*** Opening RECORDS SUPPLIED ***

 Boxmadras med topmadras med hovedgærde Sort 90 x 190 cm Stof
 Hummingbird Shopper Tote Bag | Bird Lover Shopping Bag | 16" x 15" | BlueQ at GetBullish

*** Closing RECORDS SUPPLIED ***
*** Opening RECORDS SUPPLIED ***

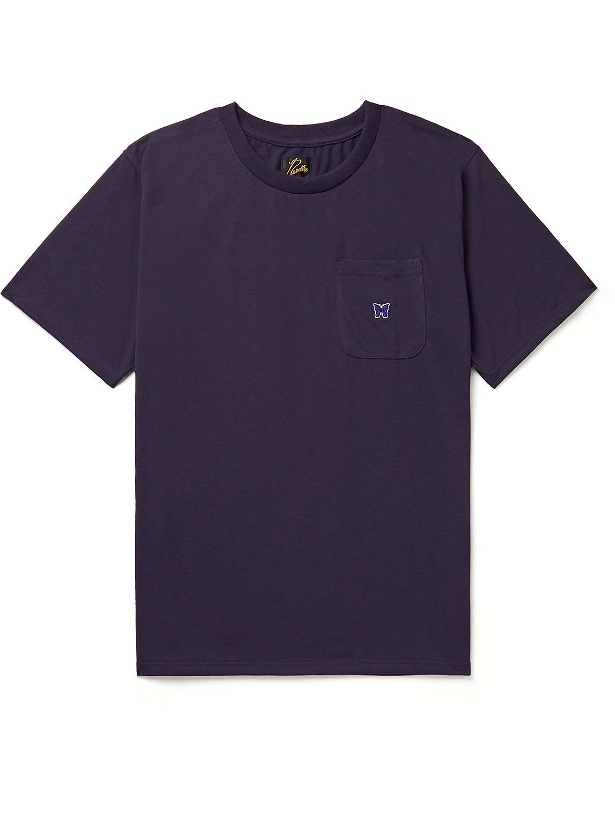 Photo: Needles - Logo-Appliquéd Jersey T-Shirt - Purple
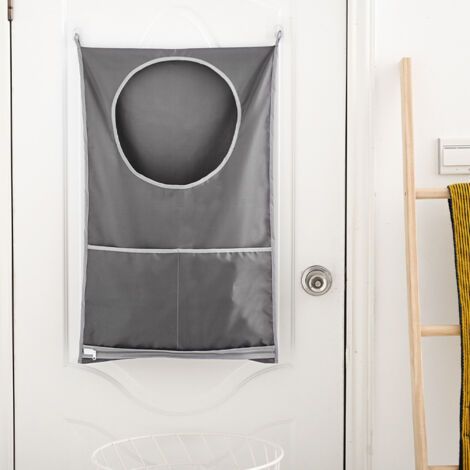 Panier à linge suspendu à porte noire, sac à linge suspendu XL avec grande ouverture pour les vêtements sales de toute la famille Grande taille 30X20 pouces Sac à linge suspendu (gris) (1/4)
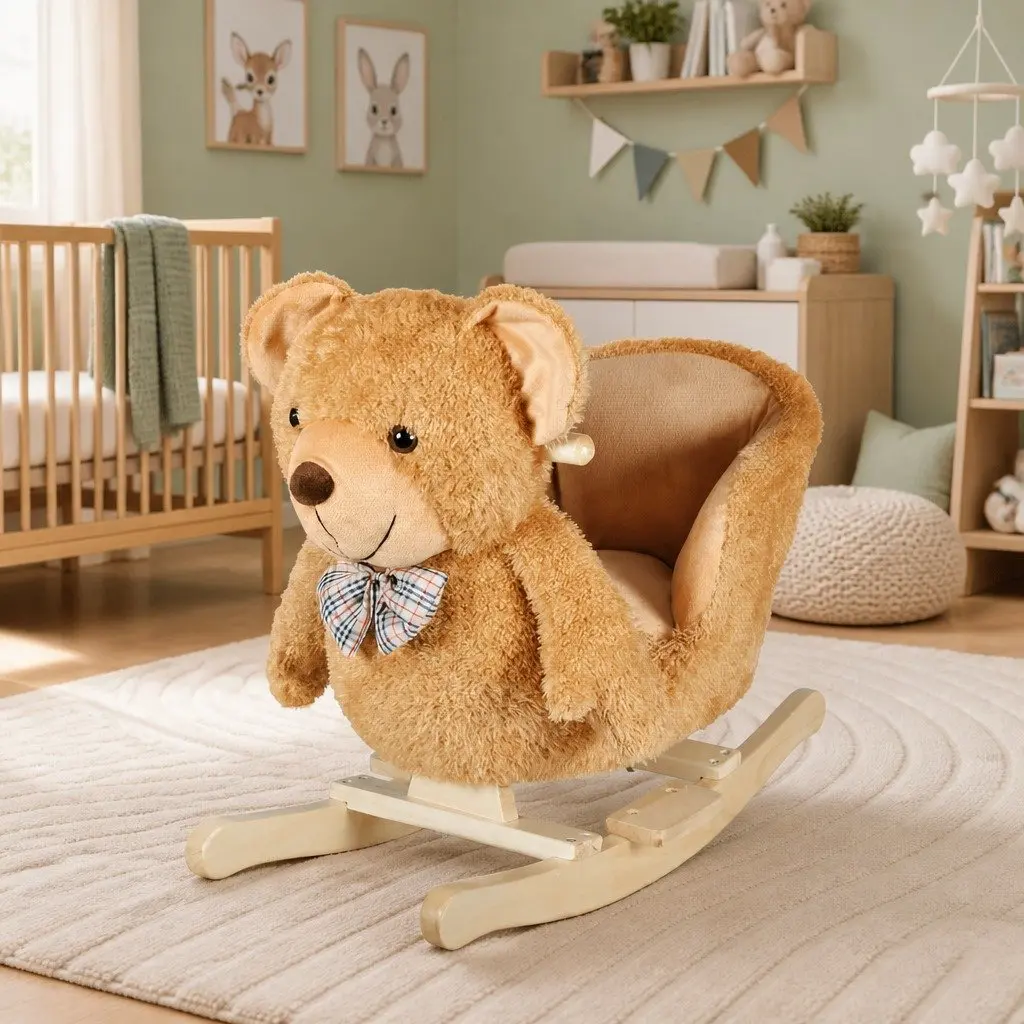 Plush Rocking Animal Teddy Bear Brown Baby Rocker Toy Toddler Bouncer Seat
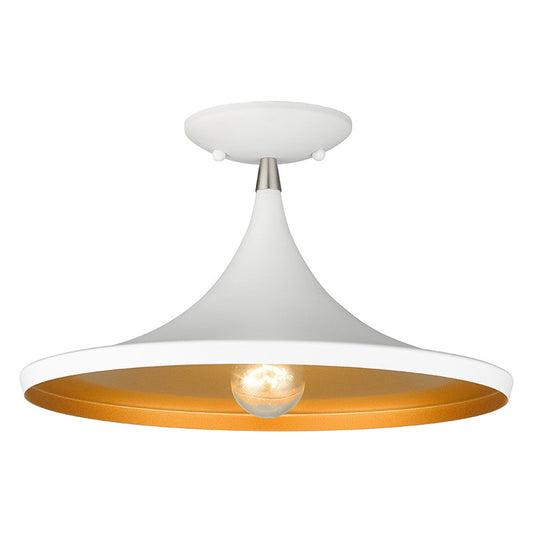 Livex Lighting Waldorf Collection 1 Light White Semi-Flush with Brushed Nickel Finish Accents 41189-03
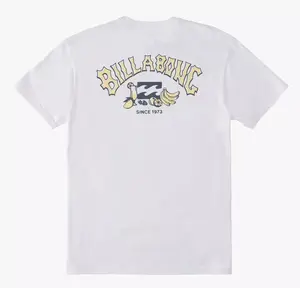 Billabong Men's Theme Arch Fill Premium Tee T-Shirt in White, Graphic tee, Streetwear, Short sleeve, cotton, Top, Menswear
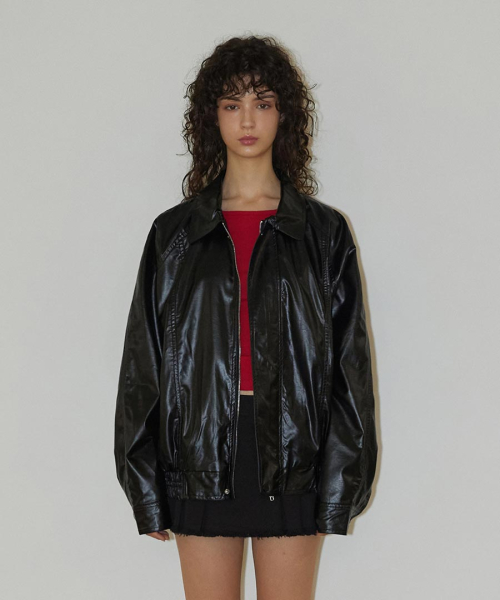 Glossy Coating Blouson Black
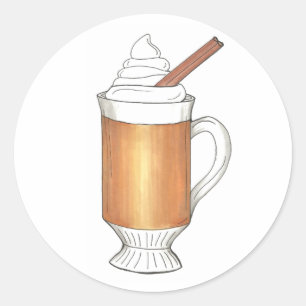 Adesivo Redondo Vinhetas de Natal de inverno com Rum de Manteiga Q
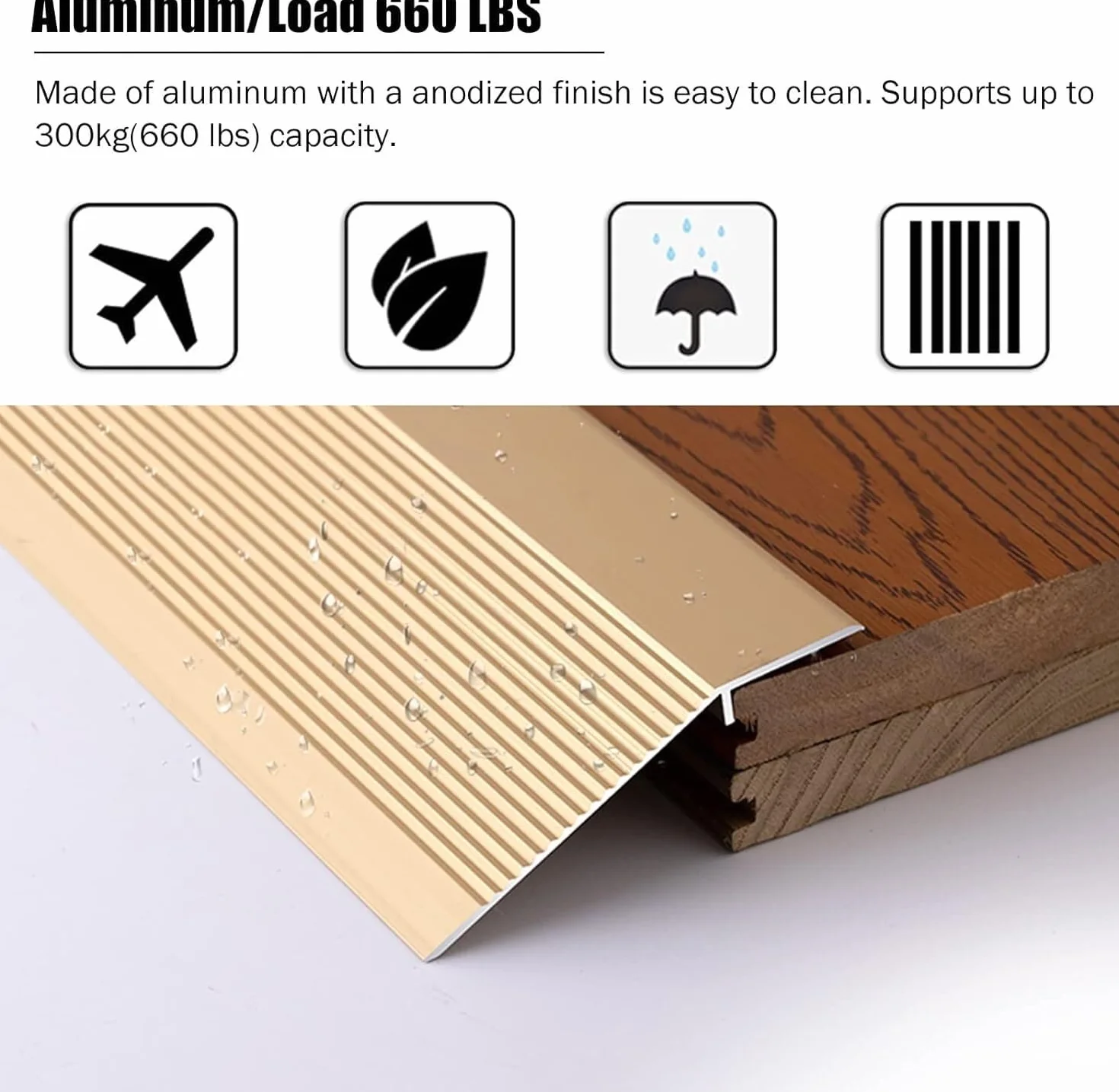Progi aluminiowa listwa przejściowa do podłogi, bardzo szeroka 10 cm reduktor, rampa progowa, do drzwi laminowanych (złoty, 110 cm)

*** Closing RECORDS SUPPLIED ***

§ **DIRECTIONS FOR THIS TASK**
Using the listing above, reproduce word for word every line from the one containing "Adesivo Redondo Vinhetas" through the one containing "Progi aluminiowa listwa". Pictures must be left out.

§ **RESPONSE FOR THIS EXERCISE**
 Adesivo Redondo Vinhetas de Natal de inverno com Rum de Manteiga Q
Progi aluminiowa listwa przejściowa do podłogi, bardzo szeroka 10 cm reduktor, rampa progowa, do drzwi laminowanych (złoty, 110 cm)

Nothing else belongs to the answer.